Hay una palabra que me dicen mucho los más pequeños:

Ajo.

----------


## chiripicajoso

> agujero "insensible" en el cristal (supongo que se referiria a un agujero invisible)


Seguramente, habria visto el video semifinalista del mago migaja jejeje




> -Mmi nombre no hace falta que lo sepas, tinenes que saber el suyo (señalando a otra niña, supongo que una amiguita suyo o algo asi) que le a gustado mucho el truco y ahora es tu novia...

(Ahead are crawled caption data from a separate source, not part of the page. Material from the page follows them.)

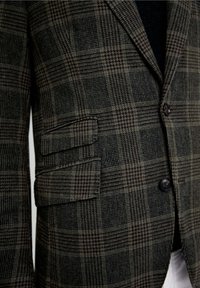 Blazer de cuadros en tonos verde oscuro y marrón. Presenta solapas afiladas, dos bolsillos frontales y botones oscuros. Tejido texturizado con patrón a rayas.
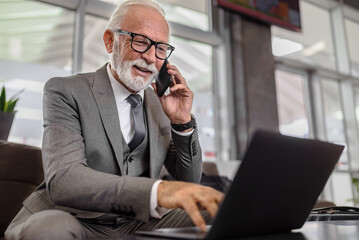 Smiling elderly professional using laptop while talking on smart phone at the office or at train station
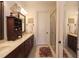 Double vanity bathroom with a large shower and view of the bedroom at 351 Washington Ne Ave # 208, Marietta, GA 30060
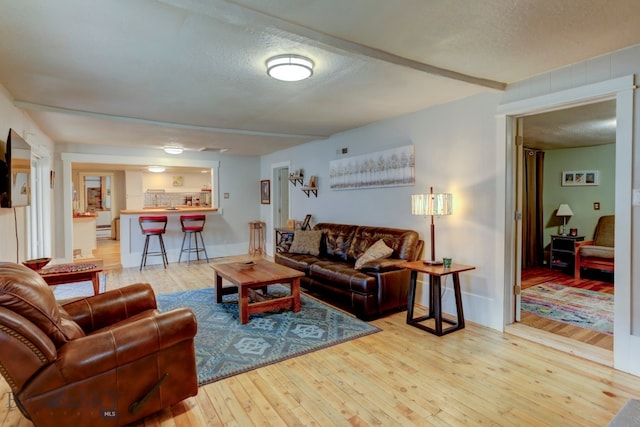 living room featuring a textured ceiling and light hardwood / wood-style flooring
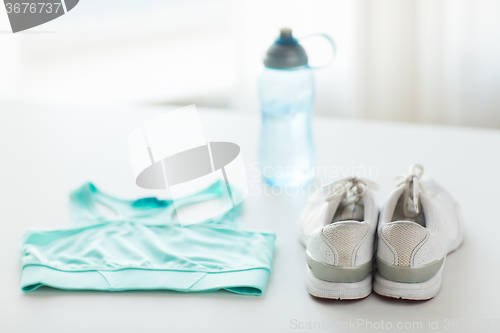 Image of close up of female sports clothing and bottle set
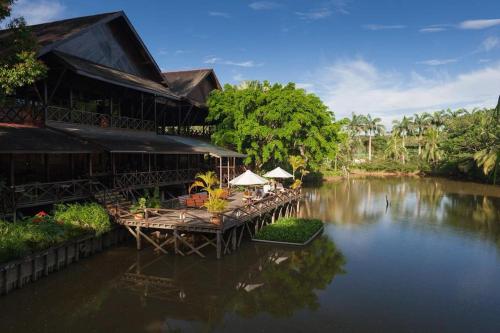 ein Gebäude mit Tischen und Stühlen auf einem Fluss in der Unterkunft Sepilok Nature Lodge - Formerly known as Sepilok Nature Resort in Sandakan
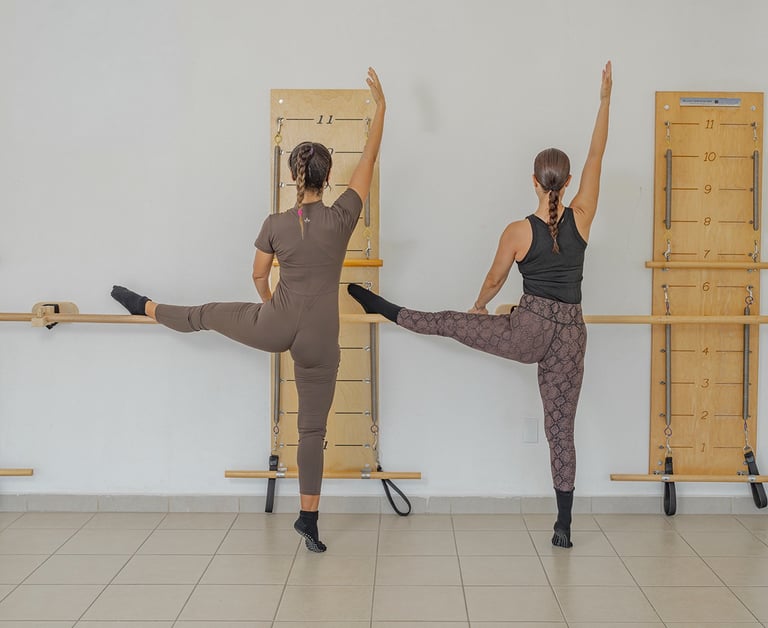 Two women performing a side leg raise stretch against the barre in a Pilates class.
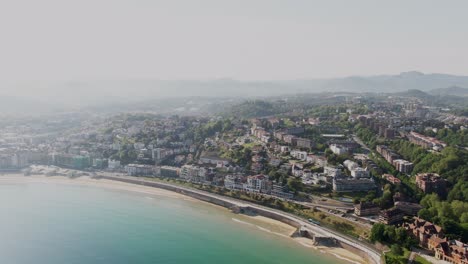 Cityscape-of-San-Sebastian-with-sandy-beach-and-blue-sea-coastline,-aerial-drone-view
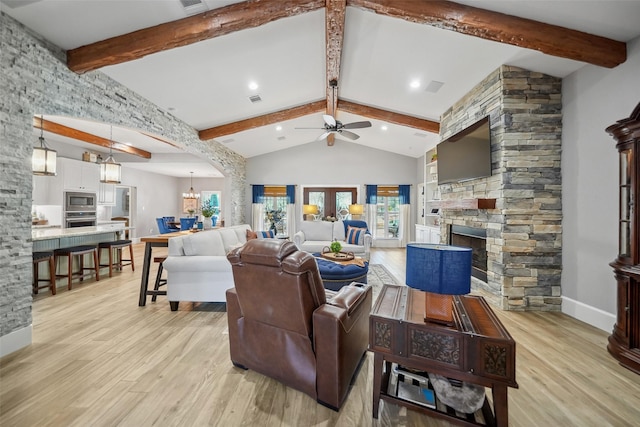 living room with light wood-type flooring, beamed ceiling, a fireplace, and visible vents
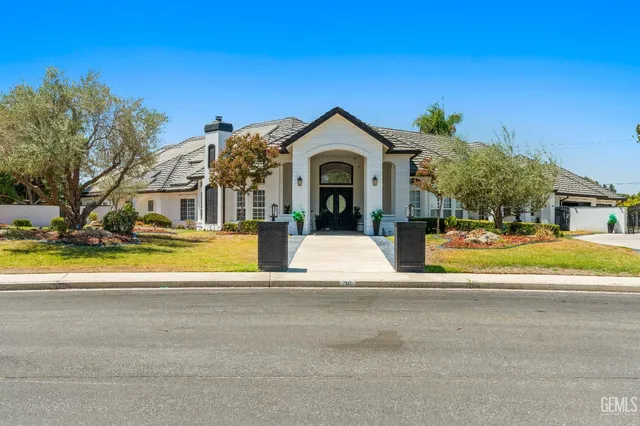 a living room with furniture a chandelier and a dining table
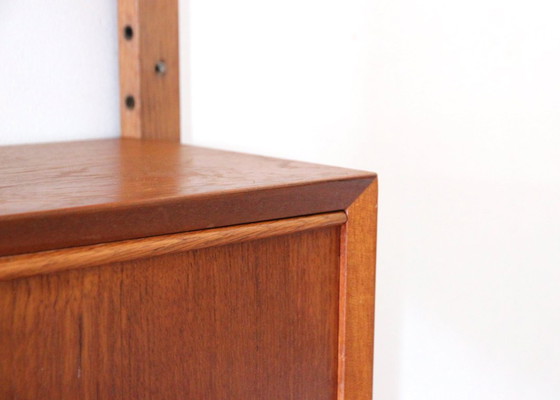 Sistema a parete Cadovius con scrivania segretario – Librerie, Legno (photo 5 of 11)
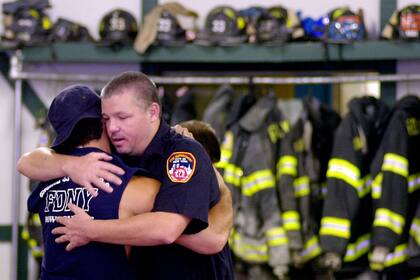 Los bomberos Sal Princiotta (izquierda) y Donald Casey se abrazan en la estación de bomberos Engine 33 en Nueva York, el sábado 15 de septiembre de 2001. Cientos de bomberos estaban desaparecidos después del ataque terrorista al World Trade Center.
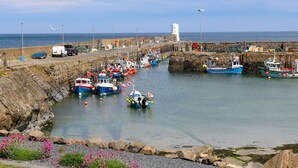 A harbor with boats docked, a lighthouse, and a stone wall. - Shoreline House (Fraserburgh)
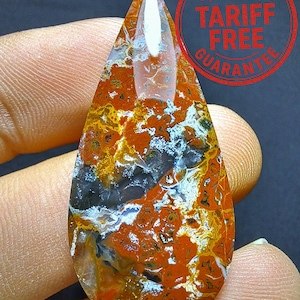 May include: A teardrop-shaped gemstone with a striking pattern of orange, yellow, black, and white. The stone is polished and translucent, with a pointed top. The image includes a red circular stamp with the text "US IMPORT TARIFF FREE GUARANTEE".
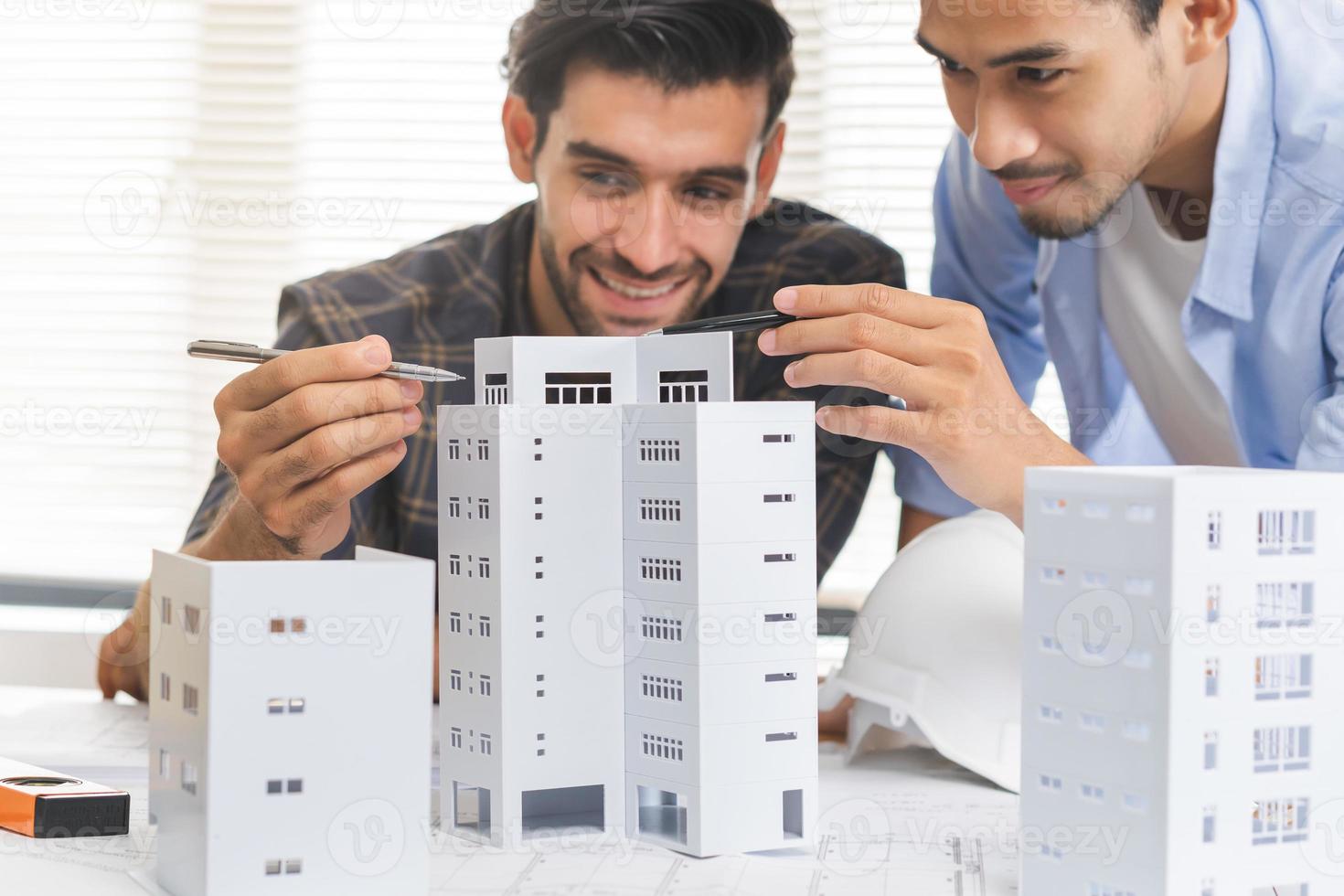 Construction of Engineer, architect businessman, man hand making on 3D model house building in office together, meeting plan working with partner team colleague on blueprint, discussing design project photo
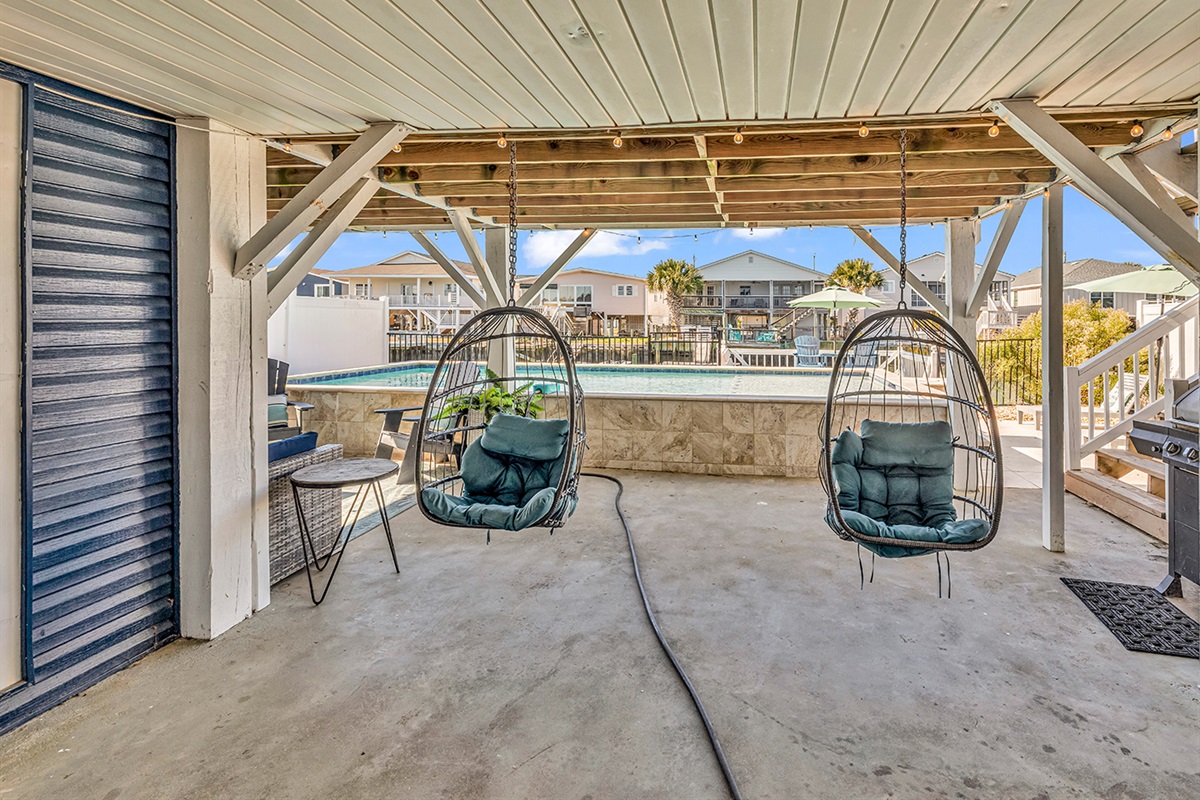 Cozy hanging chairs, great for lounging by the pool.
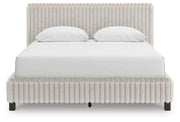 Signature Design by Ashley Zuraleus upholstered bed with a padded headboard and neutral fabric, showcasing a modern bedroom style.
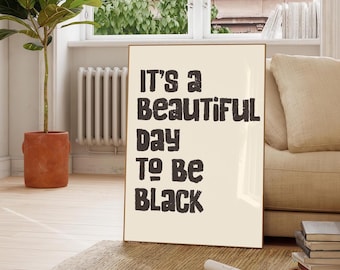 May include: A framed poster with the text "It's a Beautiful Day To Be Black" in a bold, black font. The poster is displayed indoors, leaning against a wall near a window, with a plant in a terracotta pot visible.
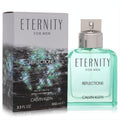 Calvin Klein Eternity Reflections for Men 100ml EDT. Captivating teal glass bottle with a sleek silver cap, next to its shimmering dark box.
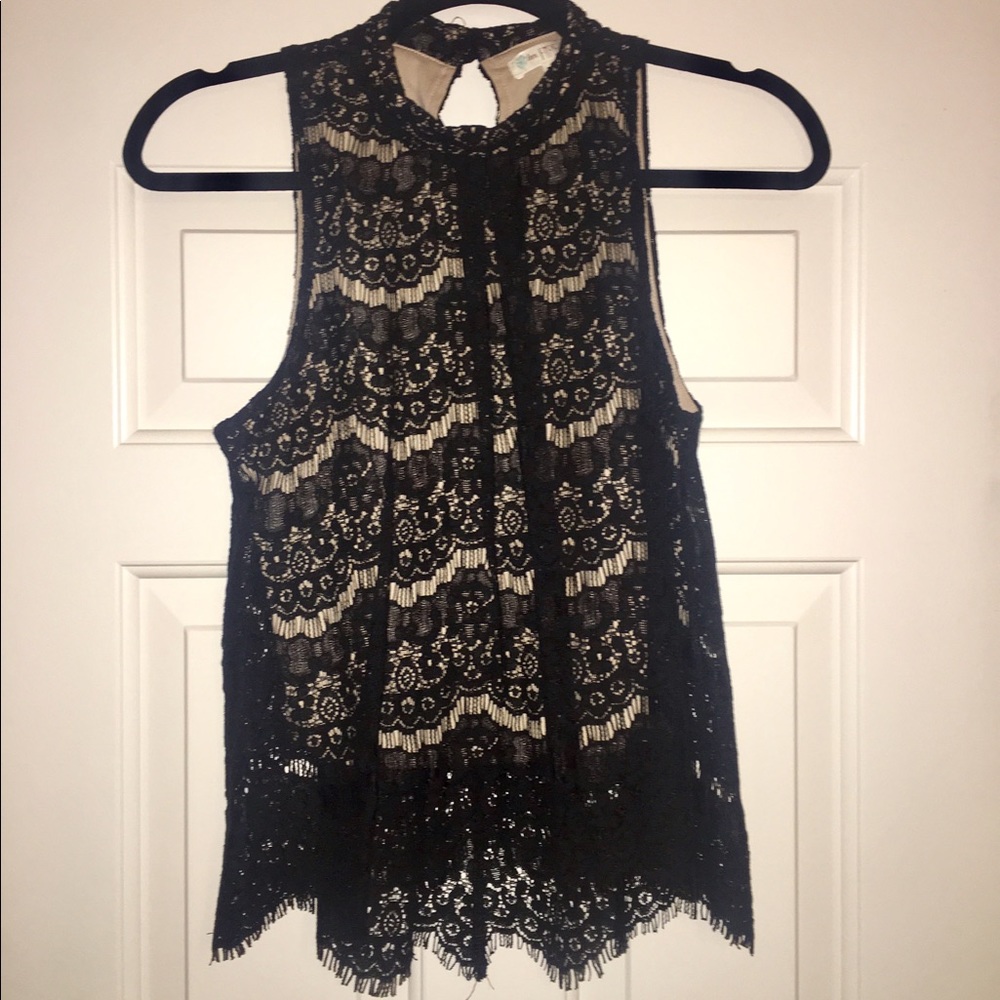High neck, sleeveless shirt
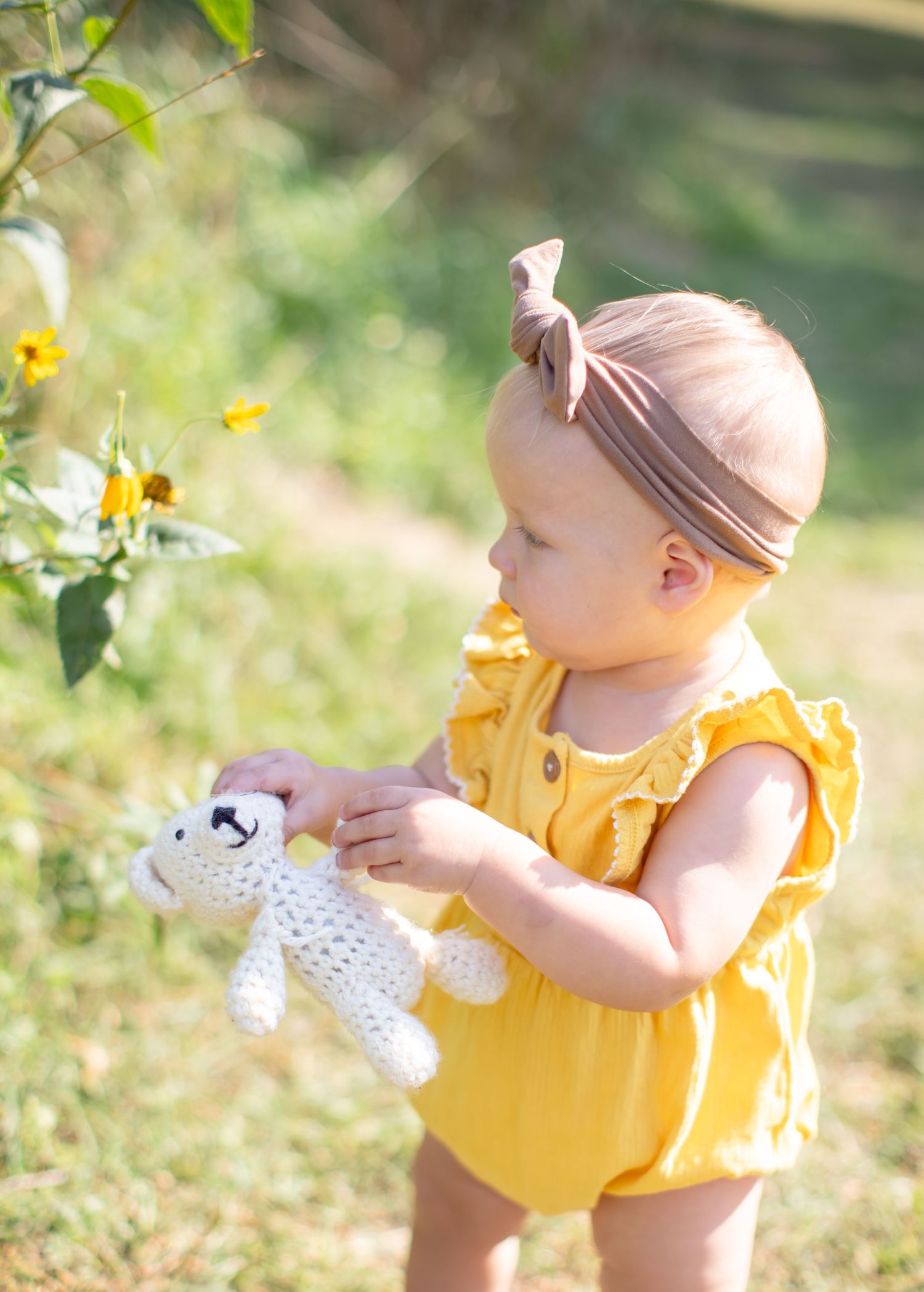 Small child in yellow outfit holding white plush toy in sunny outdoor setting.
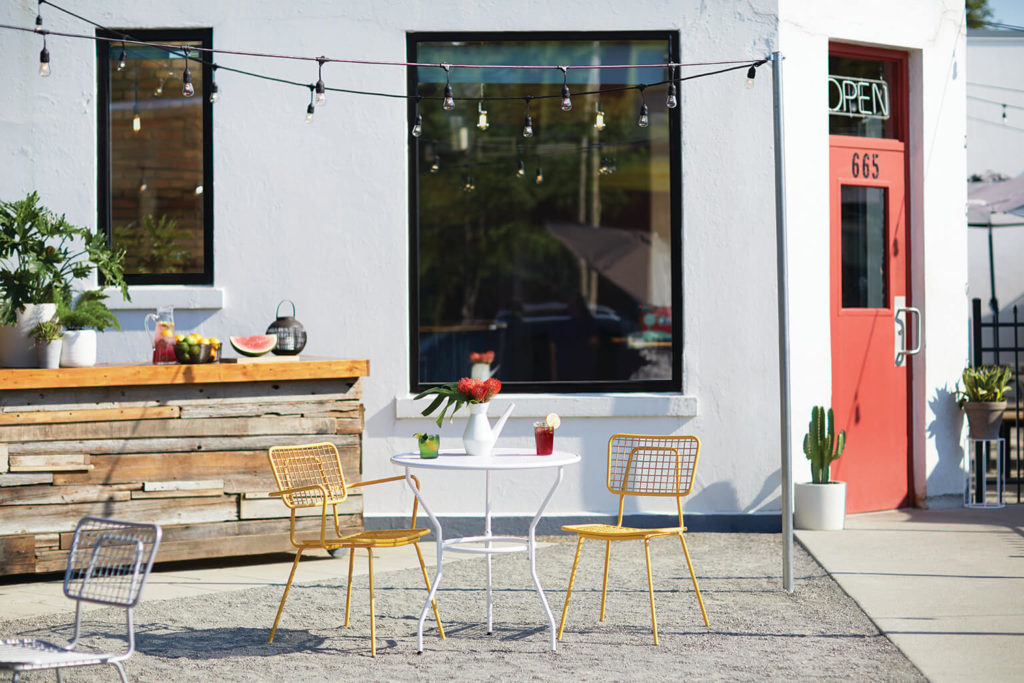 Outdoor cafe with yellow Opla chairs and armchair.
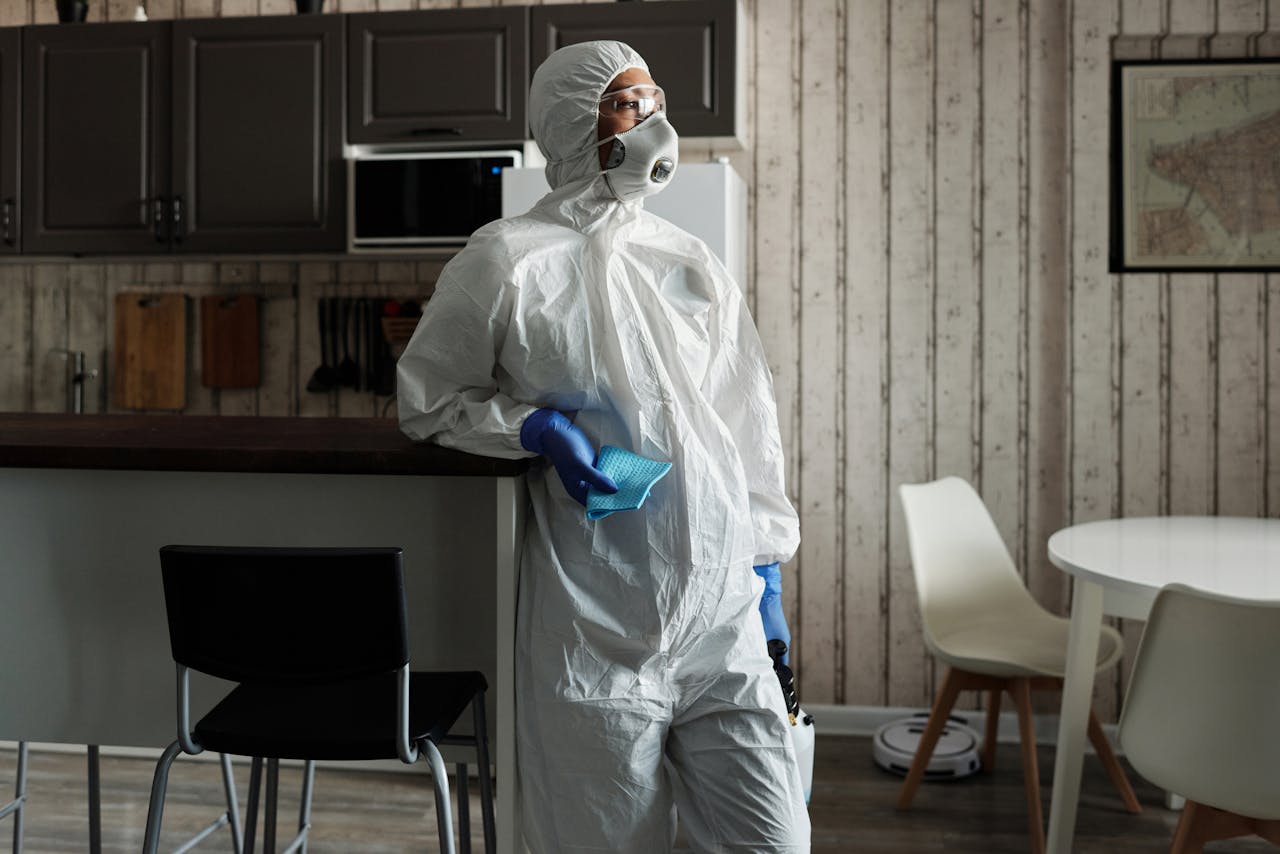 about-01 A person in full PPE gear standing indoors, emphasizing disinfection during COVID-19.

Para que luego digan, que con la magia no se liga.... jejejeje me ha gustado mucho esa frase...eso demuestra que lo hiciste bien jajaja

----------


## Mago Lawrence

jaja bueno ligar ligar... la niña debia tener unos 6 años 7 como mucho jaja, pero bueno algo es algo....

----------


## chiripicajoso

ya... jejeje incluso pensé que tendriia menos jejejeje
no, pero eso demuestra que le gusto el juego y mucho.... (o le gustaste tu  :117: )
yo quiero que algun niño me diga unas frases que haga que me siienta muy bien por lo que sea....

----------


## magikcrash

Lo que me paso ami a mitad de una animacion en el Hotel donde e trabajado este verano fue que al pedir que levantaran la manita los nenes que tenian alli a los papas y mi compañera los sacara saco a una nena que me dijo que ella no tenia papa con una carita de angel que tenia cristina ke se iamava.. 5 añitos de niña xfavor... era un juego con papas esto no podia quedar asi y se me habia caido el mundo a los pies en una animacion cosa ke nunca me pasa y pf la ice protagonista de todos los juegos que quedaban... aunque luego me vengue de mi compañera ! ! pero fue un gran dia

----------


## magic_7

> Lo que me paso ami a mitad de una animacion en el Hotel donde e trabajado este verano fue que al pedir que levantaran la manita los nenes que tenian alli a los papas y mi compañera los sacara saco a una nena que me dijo que ella no tenia papa con una carita de angel que tenia [...] era un juego con papas esto no podia quedar asi


Ohhhhh, joer os juro que estas cosas me entristecen mucho si algun dia tengo que fingir tristeza me acordare de estas cosas porque se me empañan los ojos (y eso que yo no estuve) pero tiene que ser genial poder sacarle una sonrisa y una ilusion a chiquillas asi, por eso vale la pena este oficio!

----------


## Pulgas

(Un peque de unos ocho años)

"Tienes que hacerle magia a mi hermano, para que vea que la magia sí existe, que dice que no existe y que los reyes Magos son los padres".

----------


## magikcrash

Jod** que hermanito tiene es para darle una buena colleja... este verano trabajando en el Hotel donde e estado me paso algo parecido... estaba haciendo magia a los peques cuando uno se pone ahi chulito la magia no existe y casualmente dijo lo de los reyes tambien delante de los niños y yo me enfade y se me ocurrio hacerle 2 juegos juegos uno con cartas y el otro con esponjitas... se sorprendio tando que fue corriendo a decirles a sus padres que la magia existia!! Y antes de que se fuera delante de los niños le dije " es igual con los Reyes magos, si crees existiran" fue un gran dia personalmente para mi..

----------


## Pep Maria Magic

Dos, que me han impactado. En una actuacion para todo los pubilcos palomas y la mesa que flolta.... antes de empezar una niña de unos 4 años me dice. Tu eres mago?, si, le contesto, y cuando acabe la actuacion me dices si te ha gustado, o algo asi al acabar, la niña,le pregunto,  te ha gustado?, le pregunto, me dice´si, pero no eres mago, la mesa flotaba porque la hacian volar las palomas que habian desaparecido.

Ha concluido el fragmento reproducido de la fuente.